**Exercise details:**
In the data below, find the line containing "Photo of Shawarma", then set down that line and every later line up to and including the line containing "Top 20+: Most", exactly.

**Records for this exercise:**
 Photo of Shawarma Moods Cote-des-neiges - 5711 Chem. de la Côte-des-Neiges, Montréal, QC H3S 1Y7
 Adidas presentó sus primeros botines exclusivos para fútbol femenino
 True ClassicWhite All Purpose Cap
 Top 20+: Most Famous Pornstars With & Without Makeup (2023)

* * *

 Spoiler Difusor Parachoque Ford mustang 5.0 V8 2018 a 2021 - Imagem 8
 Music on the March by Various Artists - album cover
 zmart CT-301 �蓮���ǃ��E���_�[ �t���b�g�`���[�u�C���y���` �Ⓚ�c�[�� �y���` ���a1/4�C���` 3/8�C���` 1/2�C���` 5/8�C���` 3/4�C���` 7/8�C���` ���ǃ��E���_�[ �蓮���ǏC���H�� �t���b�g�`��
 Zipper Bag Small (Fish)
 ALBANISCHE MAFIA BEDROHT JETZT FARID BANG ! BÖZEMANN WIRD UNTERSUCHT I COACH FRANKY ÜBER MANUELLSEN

--

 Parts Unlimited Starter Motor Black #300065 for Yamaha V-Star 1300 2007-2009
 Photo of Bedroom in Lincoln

**Output for this exercise:**
 Photo of Shawarma Moods Cote-des-neiges - 5711 Chem. de la Côte-des-Neiges, Montréal, QC H3S 1Y7
 Adidas presentó sus primeros botines exclusivos para fútbol femenino
 True ClassicWhite All Purpose Cap
 Top 20+: Most Famous Pornstars With & Without Makeup (2023)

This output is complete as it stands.